A snapshot is basically a point-in-time collection of a data point. So, in other words, I can do this at different levels, ie the OS [operating system], the VM [virtual machine], at storage level.
It’s a point-in-time collection that allows me to roll back in time or restore to that point in time.
I make sure I’m very clear about this: A snapshot is not a backup. You will find people who use snapshots as backups. A snapshot is something you can add to your toolbox, you can recover from, but it is definitely not a backup because a backup allows you to roll forward, roll back in time to find a specific time frame; a snapshot is a specific defined point-in-time.
There are different ways of doing snapshots and it depends on what storage technologies you have. The coolest thing I like to talk about is that you’re going to have a LUN [logical unit number] or volume snapshot where everything on that one volume is snapped at the same time. Other times, it’ll be a per-VM or per-object snapshot when it’s a smaller collection of subsets.
The more granular the snapshot, the better the recovery interval is from a perspective of what’s impacted versus the broader snapshot that’s a wider protection process.
We tend in storage to use snapshots a lot for replication such as replicating data to a different site, so I take a snapshot and I replicate it. I still have that snapshot to roll back and recover from.
Shawn Meyers, Tintri
There are limitations, of course. Most of your databases are going to be in a locked state, so I can’t roll forward or roll back by transaction logs.

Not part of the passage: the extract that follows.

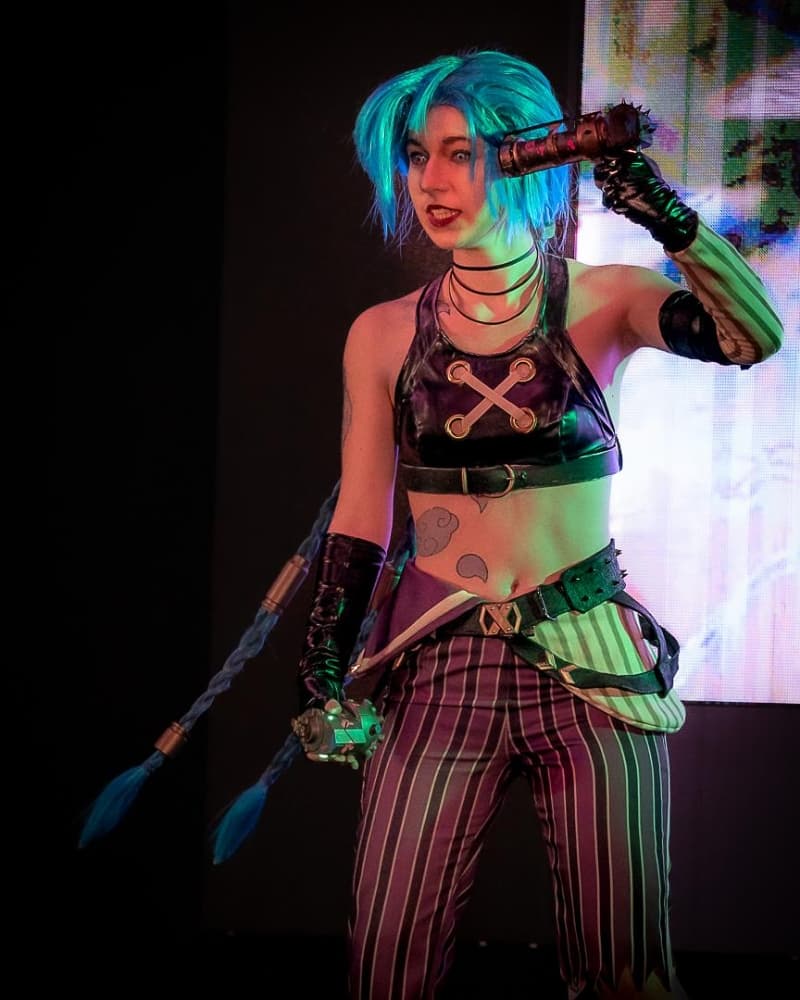 Jinx on stage - Photo 1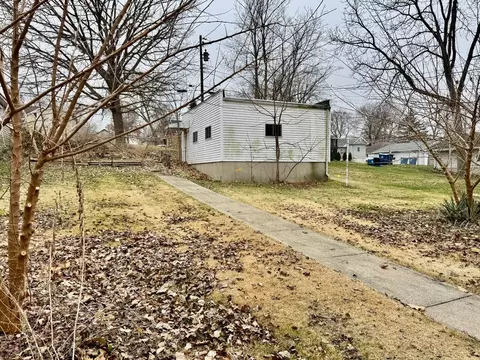 119 E 2nd St, Spring Valley, IL 61362 photo 2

Also, data growth. That’s one of the biggest things out there. I have snapshots that as I make changes I have data growth. If I have a block that’s been written to and I take a snapshot, write to it again, take another snapshot again, all that data is stored.
That’s one of the biggest things limitations-wise, that we pay attention to the data growth from the snapshots, and the more granular the snapshot becomes, the less storage impact there is. So, the wider the snapshot, the more impact versus the more granular, the less impact.
Adshead: What is best practice for snapshots and how do they fit with a comprehensive data protection strategy?
Meyers: Snapshots should be part of every data protection strategy. And of course it comes down to that you have to go back to the drawing board.
We go back to our RPO – our recovery point objective – and our RTO – recovery time objective. We sit down and figure those out and how our technologies work with the snapshots to meet those needs.
[We also have to take into account] data stored in other locations. We also have to worry about impacts on production because a lot of time we use snapshots for backups today.So, we take a snapshot, I attach that snapshot to the backup system and do the backups there. That way, I’m not having any any performance impact on my production system for that backup.
Same thing as replication. I do the snapshot and I do the replication on the back side so I’m not replicating the active data so in my production system I’m not impacted.
One of the best things about snapshots is that I offload things at the storage layer away from the OS level so now production doesn’t get impacted as I’m doing production.
Of course, knowing when I need to recover to – ie, talking about recovery point; how much data can I lose versus how much data do I need, how fast I need it back online. I always describe that as being like a knob – you turn it up to where you want to and the fun part about when you turn the knob and get a smaller RPO and RTO, my costs tend to go up.
So, if I can live with less processes or longer RPOs and RTOs my costs go down. If I go up into the sub-minute or sub-second, my costs seem to go up stratospherically and make it more expensive.
It comes down to designing your strategy, how much money you have, to figure out what you can do. Or, you figure out what you want and how much it will cost. You have to go back and forth and weigh the pros and cons. Because just like everything else, it’s a business decision for your organisation to determine how much money you’re willing to invest in your data strategy.
I’ve worked as a consultant for a long time in the past, and I’ve worked with companies who lost datacentres, and their idea and take on data protection strategies is different from those who have never had a massive data loss.
There’s always going to be something to worry about, and if you’ve never had a data loss issue it means you’re just lucky; it’s going to happen some point in the future, so make sure you spend time on your data protection strategy.
For me, snapshots is one of the most critical parts of it, to know how I’m going to do it, where I’m going to store the data, how frequently and then what my recovery process is.
One of the greatest benefits of snapshots is my recovery time. If I’m using backups, a lot of the time I have to spin it back up and it takes some time to rehydrate. With snapshots, I can usually recover that object, that VM, whatever it is, in minutes if not seconds and get the system back up to, again, lower your RTO processes.